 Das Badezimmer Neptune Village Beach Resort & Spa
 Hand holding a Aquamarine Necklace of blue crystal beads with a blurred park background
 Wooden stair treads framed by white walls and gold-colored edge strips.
######
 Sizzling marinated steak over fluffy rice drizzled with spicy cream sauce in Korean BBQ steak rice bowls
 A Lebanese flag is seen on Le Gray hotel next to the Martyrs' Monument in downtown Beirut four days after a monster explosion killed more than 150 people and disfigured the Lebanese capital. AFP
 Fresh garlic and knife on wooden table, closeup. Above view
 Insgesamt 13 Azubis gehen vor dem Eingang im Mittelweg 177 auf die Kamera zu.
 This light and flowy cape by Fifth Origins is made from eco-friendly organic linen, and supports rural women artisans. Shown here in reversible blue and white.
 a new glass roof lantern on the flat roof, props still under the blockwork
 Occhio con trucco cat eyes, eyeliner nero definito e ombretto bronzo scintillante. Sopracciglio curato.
######
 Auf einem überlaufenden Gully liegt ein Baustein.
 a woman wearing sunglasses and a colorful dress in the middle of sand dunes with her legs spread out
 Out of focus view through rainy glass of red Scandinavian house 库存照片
######
- **EXERCISE DETAILS**: Give back exactly the lines above, from the line containing "Das Badezimmer Neptune" through the line containing "Wooden stair treads", with both end lines and nothing more.

- **SOLUTION TO THE PROBLEM**:
 Das Badezimmer Neptune Village Beach Resort & Spa
 Hand holding a Aquamarine Necklace of blue crystal beads with a blurred park background
 Wooden stair treads framed by white walls and gold-colored edge strips.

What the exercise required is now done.